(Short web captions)
**********

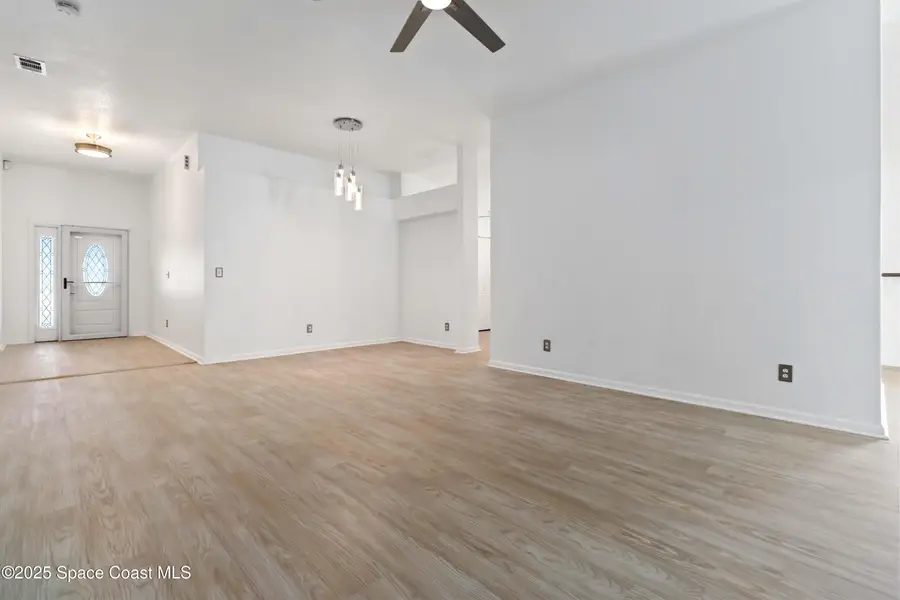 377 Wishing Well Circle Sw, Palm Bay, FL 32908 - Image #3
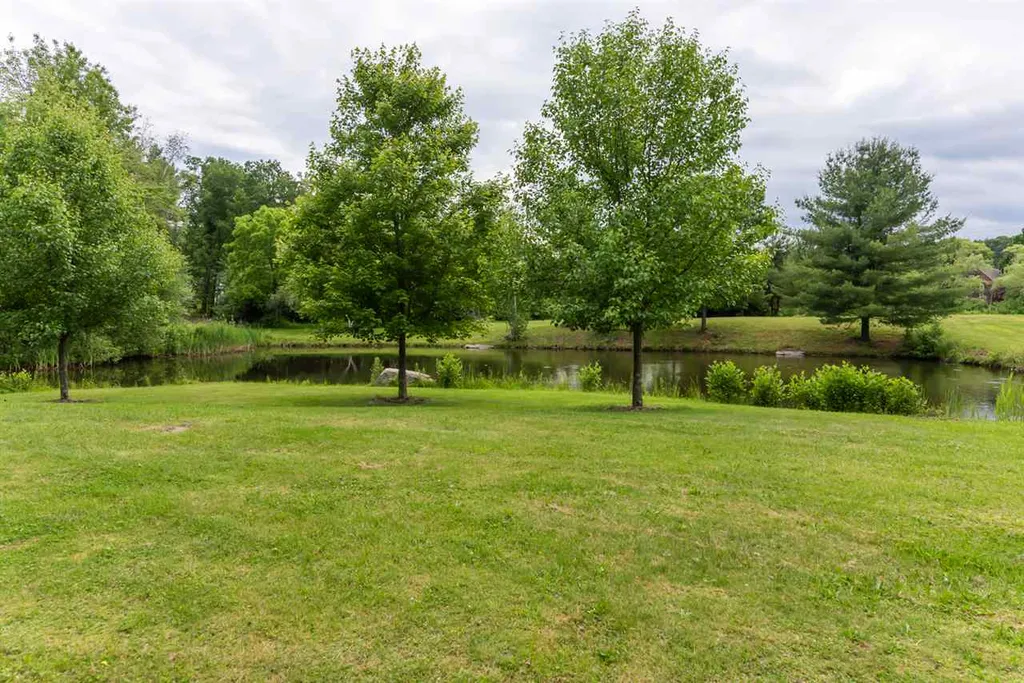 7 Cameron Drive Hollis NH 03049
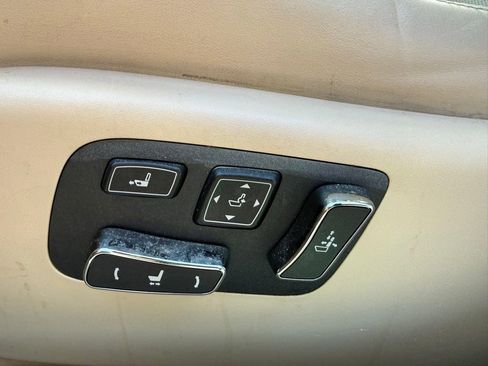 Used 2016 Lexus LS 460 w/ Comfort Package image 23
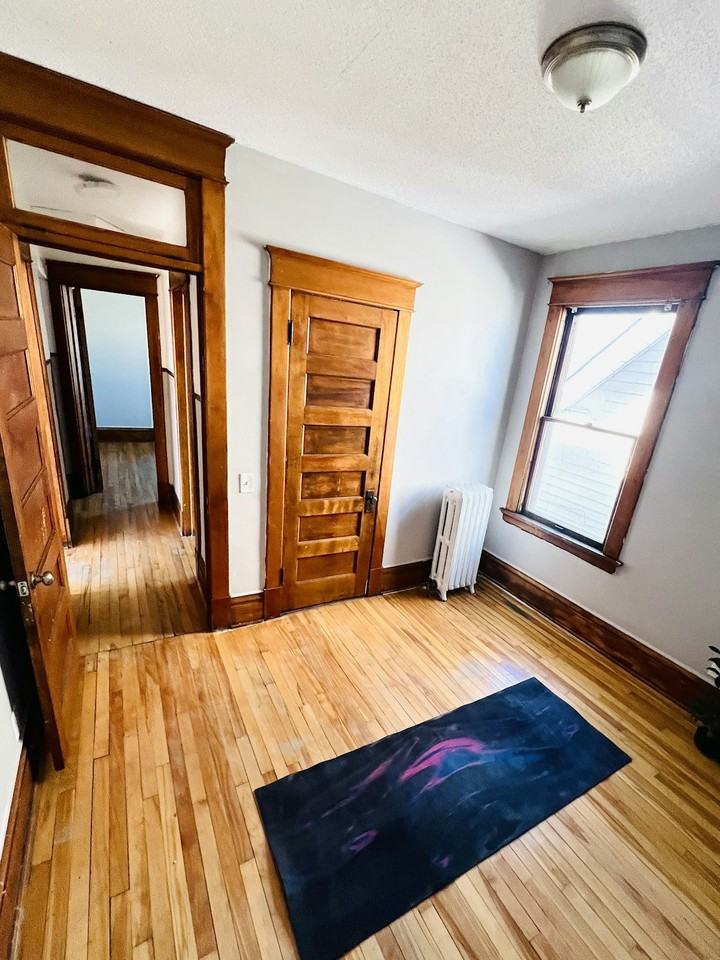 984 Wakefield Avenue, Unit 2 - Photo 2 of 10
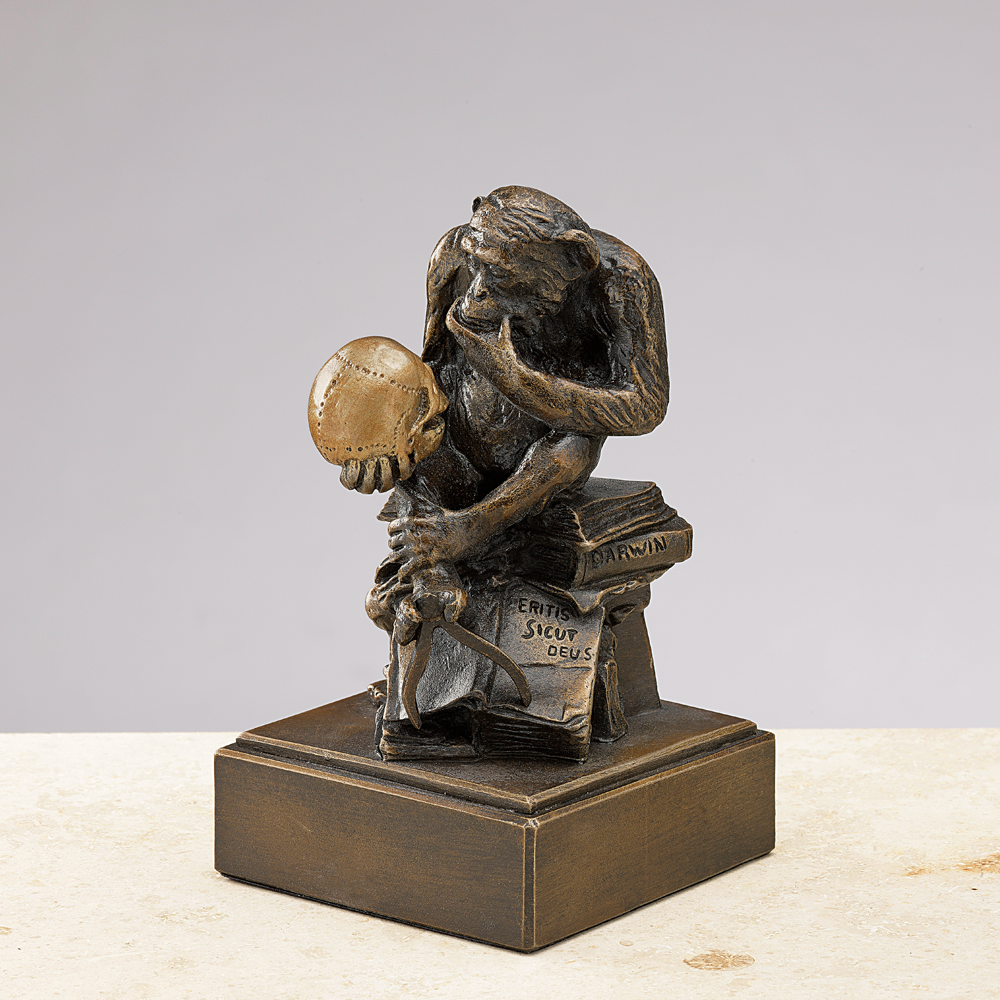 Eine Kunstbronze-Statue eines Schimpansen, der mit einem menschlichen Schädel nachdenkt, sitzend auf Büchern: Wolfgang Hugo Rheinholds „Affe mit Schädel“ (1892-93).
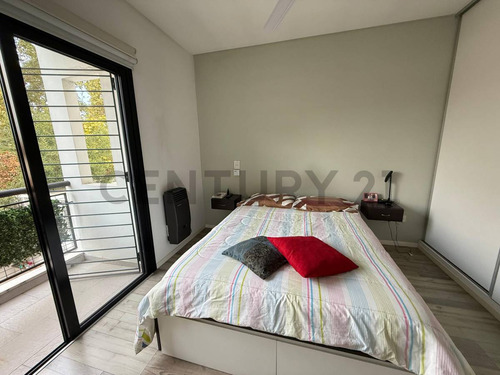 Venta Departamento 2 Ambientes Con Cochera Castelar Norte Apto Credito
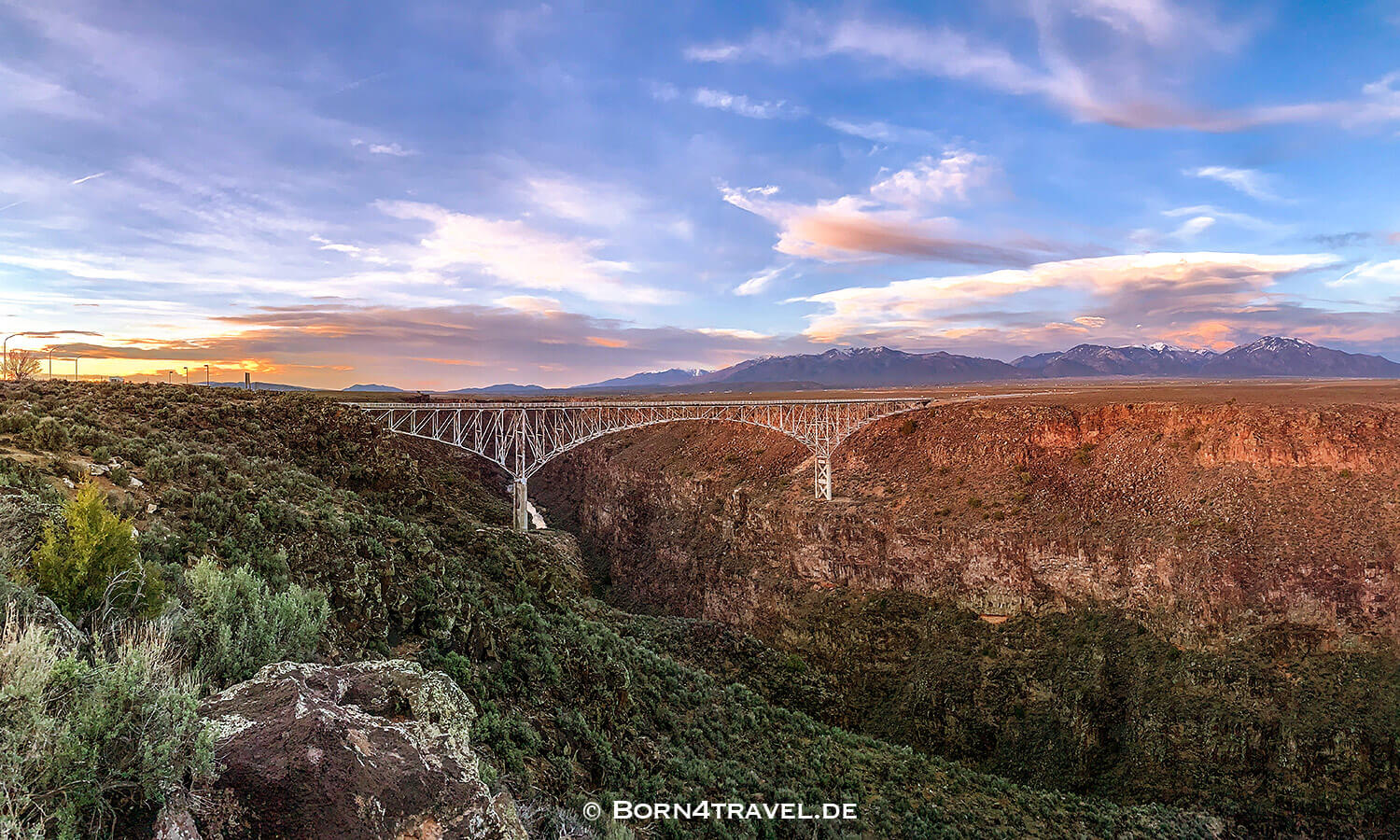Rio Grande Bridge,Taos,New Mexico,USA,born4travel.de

**********

Exercise details
Retype each entry precisely. Skip images entirely.

Solution for this task
 377 Wishing Well Circle Sw, Palm Bay, FL 32908 - Image #3
 7 Cameron Drive Hollis NH 03049
 Used 2016 Lexus LS 460 w/ Comfort Package image 23
 984 Wakefield Avenue, Unit 2 - Photo 2 of 10
 Eine Kunstbronze-Statue eines Schimpansen, der mit einem menschlichen Schädel nachdenkt, sitzend auf Büchern: Wolfgang Hugo Rheinholds „Affe mit Schädel“ (1892-93).
 Venta Departamento 2 Ambientes Con Cochera Castelar Norte Apto Credito
Rio Grande Bridge,Taos,New Mexico,USA,born4travel.de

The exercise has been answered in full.